WORK TO BE COMPLETED
In the listing below, find the line that contains "Drewniany taras z" and the line that contains "Front-left view of". Quote both and every line between them, exactly, and nothing more.

TASK INPUTS
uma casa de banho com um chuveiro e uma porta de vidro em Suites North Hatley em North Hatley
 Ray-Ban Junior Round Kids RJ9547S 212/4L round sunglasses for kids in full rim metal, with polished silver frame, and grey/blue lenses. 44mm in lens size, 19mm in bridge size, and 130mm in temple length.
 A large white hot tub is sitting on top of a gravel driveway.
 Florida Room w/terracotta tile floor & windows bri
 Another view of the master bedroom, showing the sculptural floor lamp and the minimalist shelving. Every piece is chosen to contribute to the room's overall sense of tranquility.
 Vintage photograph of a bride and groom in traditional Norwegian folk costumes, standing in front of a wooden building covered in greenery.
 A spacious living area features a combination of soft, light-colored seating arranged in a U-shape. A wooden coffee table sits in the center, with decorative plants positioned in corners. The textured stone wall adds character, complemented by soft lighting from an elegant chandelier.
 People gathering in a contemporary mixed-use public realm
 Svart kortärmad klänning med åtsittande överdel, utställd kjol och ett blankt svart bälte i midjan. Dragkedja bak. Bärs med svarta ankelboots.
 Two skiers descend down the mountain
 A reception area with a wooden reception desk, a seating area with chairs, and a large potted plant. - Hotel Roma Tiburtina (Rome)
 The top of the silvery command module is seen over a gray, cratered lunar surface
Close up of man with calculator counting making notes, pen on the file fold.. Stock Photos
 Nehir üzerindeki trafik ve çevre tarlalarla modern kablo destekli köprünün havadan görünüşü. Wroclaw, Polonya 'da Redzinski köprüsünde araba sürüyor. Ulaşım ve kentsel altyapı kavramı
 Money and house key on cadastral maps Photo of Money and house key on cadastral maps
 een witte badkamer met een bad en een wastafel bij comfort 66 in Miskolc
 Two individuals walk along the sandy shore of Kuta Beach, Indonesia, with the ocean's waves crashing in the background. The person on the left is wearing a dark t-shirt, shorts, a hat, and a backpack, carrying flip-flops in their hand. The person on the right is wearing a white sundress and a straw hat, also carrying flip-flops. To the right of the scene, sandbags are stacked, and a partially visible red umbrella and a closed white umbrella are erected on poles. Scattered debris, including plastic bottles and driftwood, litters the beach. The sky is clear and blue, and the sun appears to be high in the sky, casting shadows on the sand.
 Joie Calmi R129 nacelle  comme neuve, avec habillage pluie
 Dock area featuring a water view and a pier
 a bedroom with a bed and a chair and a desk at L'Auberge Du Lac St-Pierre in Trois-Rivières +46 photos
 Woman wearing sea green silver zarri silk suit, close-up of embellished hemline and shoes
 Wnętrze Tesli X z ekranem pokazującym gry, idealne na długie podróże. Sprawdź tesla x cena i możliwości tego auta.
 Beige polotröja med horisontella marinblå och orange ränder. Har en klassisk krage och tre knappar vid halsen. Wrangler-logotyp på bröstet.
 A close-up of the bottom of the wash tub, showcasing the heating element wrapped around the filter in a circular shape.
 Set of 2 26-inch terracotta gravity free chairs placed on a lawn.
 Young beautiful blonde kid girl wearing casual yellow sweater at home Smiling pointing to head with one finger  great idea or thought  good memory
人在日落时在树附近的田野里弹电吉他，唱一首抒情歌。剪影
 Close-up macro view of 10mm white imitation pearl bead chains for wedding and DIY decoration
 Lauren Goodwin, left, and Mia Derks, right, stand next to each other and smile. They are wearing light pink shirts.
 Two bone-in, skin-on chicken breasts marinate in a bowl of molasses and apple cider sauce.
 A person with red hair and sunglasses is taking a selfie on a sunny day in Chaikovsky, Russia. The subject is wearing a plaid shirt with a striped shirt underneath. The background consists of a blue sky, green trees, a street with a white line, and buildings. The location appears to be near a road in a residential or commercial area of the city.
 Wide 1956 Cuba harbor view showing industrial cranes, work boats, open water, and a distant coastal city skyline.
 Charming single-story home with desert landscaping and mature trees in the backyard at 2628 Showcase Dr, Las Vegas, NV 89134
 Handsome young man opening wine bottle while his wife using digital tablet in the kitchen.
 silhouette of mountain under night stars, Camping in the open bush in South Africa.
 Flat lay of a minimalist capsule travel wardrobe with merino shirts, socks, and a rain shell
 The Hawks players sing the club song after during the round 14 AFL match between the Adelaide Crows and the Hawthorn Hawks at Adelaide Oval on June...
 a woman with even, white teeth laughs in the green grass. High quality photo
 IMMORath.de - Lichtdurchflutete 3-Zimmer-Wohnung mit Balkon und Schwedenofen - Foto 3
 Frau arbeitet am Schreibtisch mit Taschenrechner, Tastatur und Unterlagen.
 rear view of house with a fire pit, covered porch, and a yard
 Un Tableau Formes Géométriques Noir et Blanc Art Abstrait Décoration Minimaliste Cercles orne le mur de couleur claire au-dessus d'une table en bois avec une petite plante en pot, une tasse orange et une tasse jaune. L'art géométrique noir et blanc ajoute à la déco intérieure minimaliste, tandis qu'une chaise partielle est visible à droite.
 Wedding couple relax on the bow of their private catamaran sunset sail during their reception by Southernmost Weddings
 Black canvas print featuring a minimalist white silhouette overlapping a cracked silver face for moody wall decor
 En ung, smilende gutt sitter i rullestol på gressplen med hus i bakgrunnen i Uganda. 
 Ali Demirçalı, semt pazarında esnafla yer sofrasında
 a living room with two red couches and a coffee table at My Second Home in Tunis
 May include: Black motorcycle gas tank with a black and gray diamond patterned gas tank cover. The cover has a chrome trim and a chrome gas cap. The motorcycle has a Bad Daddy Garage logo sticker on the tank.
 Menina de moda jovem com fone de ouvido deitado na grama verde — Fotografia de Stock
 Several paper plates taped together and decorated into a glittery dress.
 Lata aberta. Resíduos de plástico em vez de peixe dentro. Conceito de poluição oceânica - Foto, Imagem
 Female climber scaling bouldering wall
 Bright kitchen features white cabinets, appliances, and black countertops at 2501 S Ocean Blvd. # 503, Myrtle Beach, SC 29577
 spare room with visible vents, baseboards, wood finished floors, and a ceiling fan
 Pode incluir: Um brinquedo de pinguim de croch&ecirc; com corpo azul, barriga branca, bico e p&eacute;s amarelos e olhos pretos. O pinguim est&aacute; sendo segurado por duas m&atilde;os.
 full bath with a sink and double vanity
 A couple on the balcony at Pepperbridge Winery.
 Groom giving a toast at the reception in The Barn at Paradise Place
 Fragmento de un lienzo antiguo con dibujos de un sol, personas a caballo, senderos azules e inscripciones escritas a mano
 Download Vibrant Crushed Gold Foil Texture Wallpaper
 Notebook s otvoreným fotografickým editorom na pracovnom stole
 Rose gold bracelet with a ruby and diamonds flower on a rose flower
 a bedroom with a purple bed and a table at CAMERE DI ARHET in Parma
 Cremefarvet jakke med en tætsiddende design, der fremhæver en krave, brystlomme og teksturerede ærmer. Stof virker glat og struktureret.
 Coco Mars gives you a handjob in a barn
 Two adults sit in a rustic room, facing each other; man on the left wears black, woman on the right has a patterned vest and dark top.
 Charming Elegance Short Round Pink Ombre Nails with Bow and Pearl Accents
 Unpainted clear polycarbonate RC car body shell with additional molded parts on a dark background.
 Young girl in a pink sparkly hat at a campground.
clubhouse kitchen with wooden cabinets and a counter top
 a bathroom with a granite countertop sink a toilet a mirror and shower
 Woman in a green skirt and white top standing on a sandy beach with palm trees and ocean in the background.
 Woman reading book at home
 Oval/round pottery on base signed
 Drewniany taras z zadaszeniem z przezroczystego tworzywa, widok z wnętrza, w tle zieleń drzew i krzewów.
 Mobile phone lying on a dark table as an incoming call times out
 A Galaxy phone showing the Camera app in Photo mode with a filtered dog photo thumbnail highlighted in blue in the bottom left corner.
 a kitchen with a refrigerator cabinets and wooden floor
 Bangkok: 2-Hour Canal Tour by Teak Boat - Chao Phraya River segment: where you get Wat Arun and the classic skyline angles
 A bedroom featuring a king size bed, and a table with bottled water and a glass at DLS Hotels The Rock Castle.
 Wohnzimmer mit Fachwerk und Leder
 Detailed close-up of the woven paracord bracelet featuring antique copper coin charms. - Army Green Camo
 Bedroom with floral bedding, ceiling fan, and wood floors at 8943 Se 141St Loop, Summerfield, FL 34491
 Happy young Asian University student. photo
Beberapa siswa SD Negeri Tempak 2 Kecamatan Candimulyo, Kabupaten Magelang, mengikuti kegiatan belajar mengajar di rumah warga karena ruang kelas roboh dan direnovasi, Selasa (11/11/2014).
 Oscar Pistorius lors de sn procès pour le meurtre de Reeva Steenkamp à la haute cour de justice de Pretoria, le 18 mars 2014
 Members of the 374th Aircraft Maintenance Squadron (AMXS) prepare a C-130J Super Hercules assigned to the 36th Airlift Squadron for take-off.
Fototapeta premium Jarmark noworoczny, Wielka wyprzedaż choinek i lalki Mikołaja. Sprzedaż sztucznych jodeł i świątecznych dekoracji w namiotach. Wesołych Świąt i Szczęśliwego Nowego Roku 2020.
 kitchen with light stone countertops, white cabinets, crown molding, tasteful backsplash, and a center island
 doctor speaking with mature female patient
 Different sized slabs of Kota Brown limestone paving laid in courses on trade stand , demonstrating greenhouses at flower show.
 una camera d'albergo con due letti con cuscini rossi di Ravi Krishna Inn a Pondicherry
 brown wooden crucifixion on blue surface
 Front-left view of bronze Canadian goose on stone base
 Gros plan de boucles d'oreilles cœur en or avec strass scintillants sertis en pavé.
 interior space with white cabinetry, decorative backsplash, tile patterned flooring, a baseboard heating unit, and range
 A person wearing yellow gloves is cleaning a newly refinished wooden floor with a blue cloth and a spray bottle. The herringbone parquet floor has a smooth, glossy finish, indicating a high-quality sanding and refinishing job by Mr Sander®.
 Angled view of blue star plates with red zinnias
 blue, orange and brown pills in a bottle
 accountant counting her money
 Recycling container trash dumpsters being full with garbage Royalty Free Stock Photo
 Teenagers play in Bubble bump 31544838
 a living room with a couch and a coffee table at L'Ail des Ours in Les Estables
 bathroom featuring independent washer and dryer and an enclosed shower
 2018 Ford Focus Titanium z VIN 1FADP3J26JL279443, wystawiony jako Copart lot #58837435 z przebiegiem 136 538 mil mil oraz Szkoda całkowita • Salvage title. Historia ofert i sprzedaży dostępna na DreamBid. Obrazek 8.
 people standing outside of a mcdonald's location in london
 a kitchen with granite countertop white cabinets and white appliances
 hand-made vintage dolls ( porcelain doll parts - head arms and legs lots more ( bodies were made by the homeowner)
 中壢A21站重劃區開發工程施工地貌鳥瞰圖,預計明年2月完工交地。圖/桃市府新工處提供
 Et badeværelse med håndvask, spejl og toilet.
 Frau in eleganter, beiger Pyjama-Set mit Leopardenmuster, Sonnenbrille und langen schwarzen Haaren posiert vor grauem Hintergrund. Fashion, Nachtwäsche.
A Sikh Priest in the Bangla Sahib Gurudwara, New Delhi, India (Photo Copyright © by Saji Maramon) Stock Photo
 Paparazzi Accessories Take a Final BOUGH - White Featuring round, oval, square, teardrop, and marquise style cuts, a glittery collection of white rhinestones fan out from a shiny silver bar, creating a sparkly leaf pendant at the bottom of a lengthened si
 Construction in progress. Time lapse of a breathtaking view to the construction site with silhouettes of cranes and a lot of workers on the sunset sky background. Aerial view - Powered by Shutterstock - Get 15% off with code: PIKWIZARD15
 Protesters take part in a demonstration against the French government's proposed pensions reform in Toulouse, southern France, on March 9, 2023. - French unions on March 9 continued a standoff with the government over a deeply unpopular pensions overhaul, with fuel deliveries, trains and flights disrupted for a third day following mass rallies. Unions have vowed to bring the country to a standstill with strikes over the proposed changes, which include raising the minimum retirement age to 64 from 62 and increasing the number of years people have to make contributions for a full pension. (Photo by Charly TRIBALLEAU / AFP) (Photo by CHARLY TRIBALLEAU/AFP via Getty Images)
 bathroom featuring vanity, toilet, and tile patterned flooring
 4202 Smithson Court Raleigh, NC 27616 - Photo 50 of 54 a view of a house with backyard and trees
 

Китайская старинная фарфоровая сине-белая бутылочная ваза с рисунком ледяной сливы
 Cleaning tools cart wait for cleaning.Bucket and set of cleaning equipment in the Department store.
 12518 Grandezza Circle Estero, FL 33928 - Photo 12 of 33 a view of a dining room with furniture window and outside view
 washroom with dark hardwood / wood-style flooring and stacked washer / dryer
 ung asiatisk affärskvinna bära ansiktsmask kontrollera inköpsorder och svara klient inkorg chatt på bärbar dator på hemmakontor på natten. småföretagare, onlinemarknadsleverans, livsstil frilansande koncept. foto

EXERCISE SOLUTION
 Drewniany taras z zadaszeniem z przezroczystego tworzywa, widok z wnętrza, w tle zieleń drzew i krzewów.
 Mobile phone lying on a dark table as an incoming call times out
 A Galaxy phone showing the Camera app in Photo mode with a filtered dog photo thumbnail highlighted in blue in the bottom left corner.
 a kitchen with a refrigerator cabinets and wooden floor
 Bangkok: 2-Hour Canal Tour by Teak Boat - Chao Phraya River segment: where you get Wat Arun and the classic skyline angles
 A bedroom featuring a king size bed, and a table with bottled water and a glass at DLS Hotels The Rock Castle.
 Wohnzimmer mit Fachwerk und Leder
 Detailed close-up of the woven paracord bracelet featuring antique copper coin charms. - Army Green Camo
 Bedroom with floral bedding, ceiling fan, and wood floors at 8943 Se 141St Loop, Summerfield, FL 34491
 Happy young Asian University student. photo
Beberapa siswa SD Negeri Tempak 2 Kecamatan Candimulyo, Kabupaten Magelang, mengikuti kegiatan belajar mengajar di rumah warga karena ruang kelas roboh dan direnovasi, Selasa (11/11/2014).
 Oscar Pistorius lors de sn procès pour le meurtre de Reeva Steenkamp à la haute cour de justice de Pretoria, le 18 mars 2014
 Members of the 374th Aircraft Maintenance Squadron (AMXS) prepare a C-130J Super Hercules assigned to the 36th Airlift Squadron for take-off.
Fototapeta premium Jarmark noworoczny, Wielka wyprzedaż choinek i lalki Mikołaja. Sprzedaż sztucznych jodeł i świątecznych dekoracji w namiotach. Wesołych Świąt i Szczęśliwego Nowego Roku 2020.
 kitchen with light stone countertops, white cabinets, crown molding, tasteful backsplash, and a center island
 doctor speaking with mature female patient
 Different sized slabs of Kota Brown limestone paving laid in courses on trade stand , demonstrating greenhouses at flower show.
 una camera d'albergo con due letti con cuscini rossi di Ravi Krishna Inn a Pondicherry
 brown wooden crucifixion on blue surface
 Front-left view of bronze Canadian goose on stone base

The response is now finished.